The revised Statement builds upon years of rigorous internal research, including the findings of the IPSA Academic Freedom Report 2021 and the Guidelines on Academic Freedom Protection Procedures developed in 2025.
Addressing Global Conflict and Expanding the Definition of Threats
A critical addition to the revised Statement is the explicit recognition of how war, armed conflict, and organized violence gravely undermine the social sciences through the killing of academics, the destruction of research infrastructure and the forced displacement of scholars. We have also expanded our definition of threats to include contemporary pressures such as restrictions on scholarly communication and discriminatory employment practices.
Call to Action
IPSA calls upon all authorities to uphold the conditions necessary for free inquiry and urges our members to seek guidance from their national or regional association, or the IPSA Secretariat, should they face threats to their academic freedom.
IPSA Statement on Academic Freedom 2026
IPSA affirms its commitment to the academic freedoms necessary for the social sciences to flourish. In line with its Mission Statement and the UNESCO Recommendation concerning the Status of Higher-Education Teaching Personnel (1997), IPSA upholds the principle that academic freedom is essential to research, teaching, publication, public engagement, and the free exchange of ideas across borders and institutions.
Over the years, the Association has strengthened its work on academic freedom through research and guidance for its members.

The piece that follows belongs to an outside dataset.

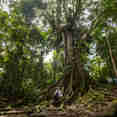Hiking - Delfin I
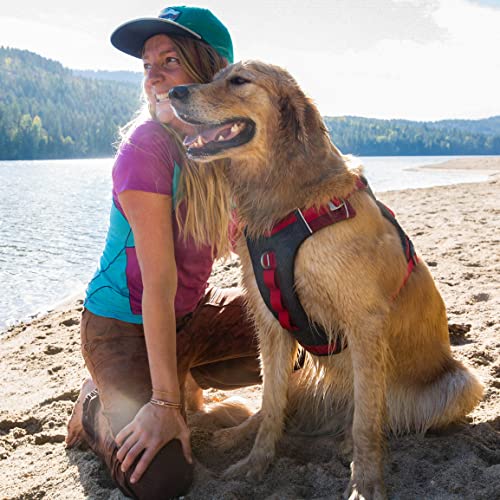 Kurgo Journey Air Dog Harness, Red, Medium - color: Red, size: Medium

It issued the IPSA Academic Freedom Report 2021, presenting the results and analysis of a survey on violations of academic freedom conducted among its collective members in 2020. Building on this work, and in response to requests for practical guidance, the Guidelines on Academic Freedom Protection Procedures were developed in 2025. These are available on the IPSA website and are intended to help national associations shape policies and procedures suited to their own contexts.
For IPSA, academic freedom means the freedom of academics and researchers to work freely and effectively in undertaking their research and teaching, and to disseminate their ideas and results to colleagues and the public, nationally as well as internationally. It also includes the liberty of scholars and researchers to express opinions freely about the institution or system in which they work, to fulfil their functions without discrimination or fear of repression by the State or any other actor, and to participate in professional or representative academic bodies.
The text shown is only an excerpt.